Identifying OCD subtypes. Understanding whether your OCD is primarily contamination-based, harm-related, symmetry-focused, or another subtype helps me choose the most targeted treatment approach.
Treatment Options
OCD treatment has advanced dramatically in the last two decades. The combination of the right medication with specialized therapeutic techniques produces meaningful improvement in the majority of patients.
Medication Management
SSRIs are the first-line medication for OCD. What's unique about OCD is that it typically requires higher doses than those used for depression or generalized anxiety. Medications like fluvoxamine, sertraline, fluoxetine, and paroxetine have strong evidence for OCD. I start at a standard dose and gradually increase to the therapeutic range for OCD, which is often the maximum approved dose.
Clomipramine, a tricyclic antidepressant, remains one of the most effective medications specifically for OCD. It can be an excellent option for patients who don't respond adequately to SSRIs, though it requires more careful monitoring for side effects.
Augmentation strategies. When an SSRI alone isn't enough, adding a low-dose antipsychotic (such as aripiprazole or risperidone) can significantly boost the response. This is evidence-based and something I evaluate on a case-by-case basis.
Exposure and Response Prevention (ERP)
ERP is the gold standard psychotherapy for OCD. It involves gradually exposing yourself to the thoughts or situations that trigger obsessions while resisting the urge to perform compulsions. Over time, your brain learns that the anxiety decreases on its own without the ritual. I work closely with therapists who specialize in ERP to provide integrated care.

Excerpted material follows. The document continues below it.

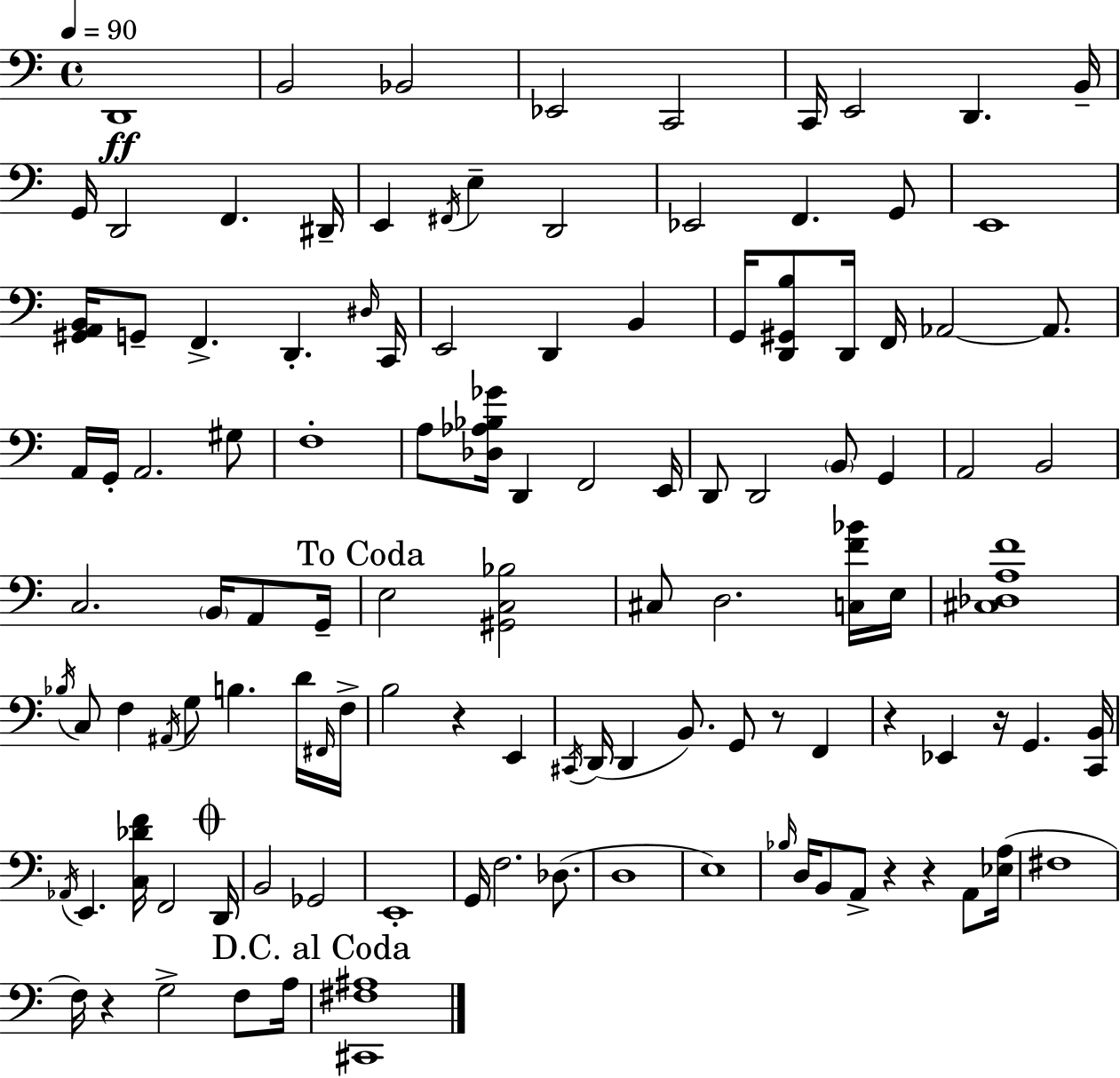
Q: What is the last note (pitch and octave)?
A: A3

My Approach to OCD Treatment
OCD requires patience, precision, and a systematic approach. In my practice, I focus on three phases. First, accurate diagnosis and psychoeducation -- helping you understand exactly what OCD is, how it works in your brain, and why your rituals make it worse rather than better. Second, aggressive medication optimization -- reaching the right dose of the right medication, because under-dosing is the most common reason OCD treatment "fails." Third, long-term stability -- maintaining gains, preventing relapse, and gradually tapering medication when appropriate.
I also believe in being completely honest about timelines. OCD medications take longer to work than antidepressants -- typically 8 to 12 weeks at an adequate dose before we see full effect. I prepare my patients for this so they don't give up too early.

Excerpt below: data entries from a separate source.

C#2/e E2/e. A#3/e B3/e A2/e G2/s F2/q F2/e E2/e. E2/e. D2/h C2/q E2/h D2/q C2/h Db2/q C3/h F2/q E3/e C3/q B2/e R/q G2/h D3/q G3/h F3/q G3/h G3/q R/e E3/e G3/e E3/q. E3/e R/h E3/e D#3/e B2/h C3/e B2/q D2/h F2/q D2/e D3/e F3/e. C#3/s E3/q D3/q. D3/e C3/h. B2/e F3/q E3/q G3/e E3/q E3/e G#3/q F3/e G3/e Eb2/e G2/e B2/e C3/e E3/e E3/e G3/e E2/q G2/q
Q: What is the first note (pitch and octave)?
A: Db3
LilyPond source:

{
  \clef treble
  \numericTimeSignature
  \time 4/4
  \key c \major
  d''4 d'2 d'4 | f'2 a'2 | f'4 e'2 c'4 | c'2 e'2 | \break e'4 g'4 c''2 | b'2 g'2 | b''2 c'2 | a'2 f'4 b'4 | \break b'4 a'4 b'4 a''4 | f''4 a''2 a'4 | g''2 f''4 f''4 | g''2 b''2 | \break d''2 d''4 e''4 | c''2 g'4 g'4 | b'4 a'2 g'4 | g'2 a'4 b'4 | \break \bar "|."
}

Can I Get Specialized OCD Treatment in Tijuana?
Finding a psychiatrist who truly understands OCD -- not just general anxiety -- can be surprisingly difficult in the United States. Many general psychiatrists have limited experience with OCD-specific medication strategies. If you're looking for a specialist who understands the nuances of OCD treatment, our office is just 15 minutes from the San Ysidro border crossing.
We know that for someone with OCD, the idea of disrupting routine to cross an international border can trigger anxiety. That's completely normal and expected. Our office is in New City Medical Plaza -- a modern, secure medical building in Zona Rio, Tijuana's safest and most accessible district. Most of our California patients drive from San Ysidro in under 15 minutes.

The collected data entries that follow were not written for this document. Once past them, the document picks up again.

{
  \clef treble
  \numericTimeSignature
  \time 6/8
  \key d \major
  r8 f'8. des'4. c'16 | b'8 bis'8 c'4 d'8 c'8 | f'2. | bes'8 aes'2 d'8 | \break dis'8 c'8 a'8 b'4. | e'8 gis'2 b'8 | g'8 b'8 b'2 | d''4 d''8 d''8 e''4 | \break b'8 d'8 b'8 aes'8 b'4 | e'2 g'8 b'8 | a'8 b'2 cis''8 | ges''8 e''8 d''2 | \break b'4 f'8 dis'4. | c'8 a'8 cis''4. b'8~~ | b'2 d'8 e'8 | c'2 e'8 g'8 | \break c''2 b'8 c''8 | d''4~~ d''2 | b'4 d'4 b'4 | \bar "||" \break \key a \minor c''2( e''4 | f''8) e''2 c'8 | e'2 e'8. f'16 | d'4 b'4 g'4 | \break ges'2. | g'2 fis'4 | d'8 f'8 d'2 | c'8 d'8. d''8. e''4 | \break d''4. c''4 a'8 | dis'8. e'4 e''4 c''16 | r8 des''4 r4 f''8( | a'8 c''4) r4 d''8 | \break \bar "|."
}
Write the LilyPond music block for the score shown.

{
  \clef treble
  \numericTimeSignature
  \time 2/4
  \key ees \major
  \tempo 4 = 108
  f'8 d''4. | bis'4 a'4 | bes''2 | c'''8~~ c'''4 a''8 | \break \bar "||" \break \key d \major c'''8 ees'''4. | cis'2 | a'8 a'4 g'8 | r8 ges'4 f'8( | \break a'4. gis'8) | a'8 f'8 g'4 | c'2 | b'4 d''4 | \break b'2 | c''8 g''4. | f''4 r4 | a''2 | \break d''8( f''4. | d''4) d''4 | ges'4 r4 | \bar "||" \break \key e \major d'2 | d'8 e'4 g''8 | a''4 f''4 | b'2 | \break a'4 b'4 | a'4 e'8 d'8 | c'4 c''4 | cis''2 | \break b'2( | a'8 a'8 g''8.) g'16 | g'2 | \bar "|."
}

We accept cash, credit/debit cards, Zelle, and Venmo. Your first visit is always in-person. Telepsychiatry follow-ups are available for established patients when clinically appropriate and where legally permitted. Prescriptions are filled at local pharmacies where OCD medications are readily available.
Our patients come from San Diego, Chula Vista, National City, San Ysidro, Oceanside, Imperial Beach, and Los Angeles. Learn more about cross-border care -->
New City Medical Plaza, Paseo del Centenario 9580, Floor 25, Suite 24 -- Zona Rio, Tijuana
Frequently Asked Questions About OCD
I have terrible intrusive thoughts. Does that make me a bad person?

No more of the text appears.